I haven’t posted here for a while because what I’m going through at the moment is really rough and I didn’t know how to put it into words.

Those of you who keep an eye on the postings on this forum will know that I never got on with my DIL right from the start. I was always respectful of their marriage though and thought that DS had found a support in her and was proud of what they had achieved together, 2 kids, nice house everything in the garden just wonderful!!

I was wrong. My DS has left her two months ago though he is still closely involved with the children and looks after her financially. He is with the children 3 days a week and works 60 hours a week, so I believe, without being too biased, that he takes his responsibilities very seriously indeed. He said that he could not live with her any longer, and thinks that the children will be happier in the long run because they do not have to live in a house where the parents are not happy together. My DH and I have to believe him and respect his decision even though we always believed that marriage is for life and thought our children would too.

We got on with the other GP and want to have a good relationship with them for the sake of the GC. As we don’t live close I went to see the family for a fortnight last month to see how things were and also to be with the GC and the other GP. I had to go on my own because DH is still working, now I wish I hadn’t. This visit has been a total disaster, because the other GP wanted me to talk my DS into going back to their DD - something I had no inclination or indeed power to do. My relationship with DIL turned from bad to worse because she accuses us, my DS and me of not caring enough and not being around when we should have been around. We believe that the marital problems they had are their own and we do not interfere. 

During the 14 days I spent near them I saw the GC once – and only because it was an emergency and nobody was available. I saw my son twice to talk to him about the change in the situation. He seemed distant but explained well why he left.  On my last day the DIL asked me to come to see the GC which I would have done, even though I had my doubts about being alone with her and the GC, as I thought she may accuse me in front of them. Fate had it that my train was delayed for 5 hours, so I couldn’t see them after all.
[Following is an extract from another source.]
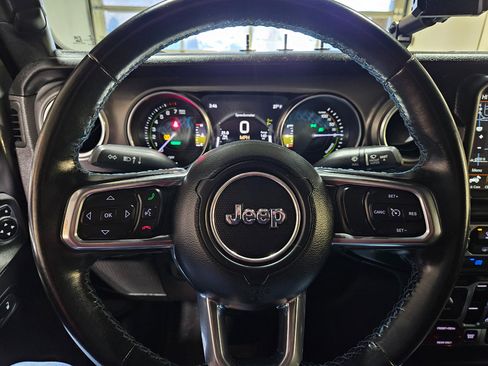 Used 2022 Jeep Wrangler Unlimited Rubicon 4xe image 45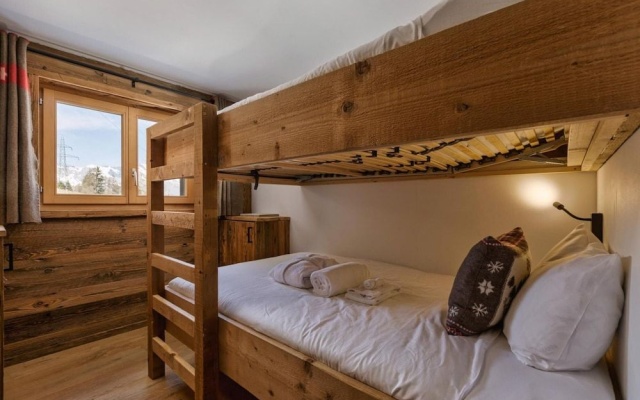 Chalet Capricorne -impeccable Ski in out Chalet With Sauna and Views – Guest Rooms – La Tzoumaz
My worry is now and I like to have some advice on this from this forum. I do feel really sorry for my DIL and the pain she must endure now and I would like to extend the hand of friendship and indeed express female loyalty and let bygones be bygones but at the same time I need to be aware that more friendliness on my part may be misinterpreted and I will be abused even more. I’m in a really bad situation because I may not see my GC in the future or only see them when DS has them. So what can I do now, be nice to her no matter how bad she treats me or take the risk? The other GP are now disappointed in me because I could not wave the magic wand.

I do know that it is early days and things may fall into place somehow. But for now I’m heartbroken. I envisaged many problems to affect my happiness but never this one and the worry about the small children is huge.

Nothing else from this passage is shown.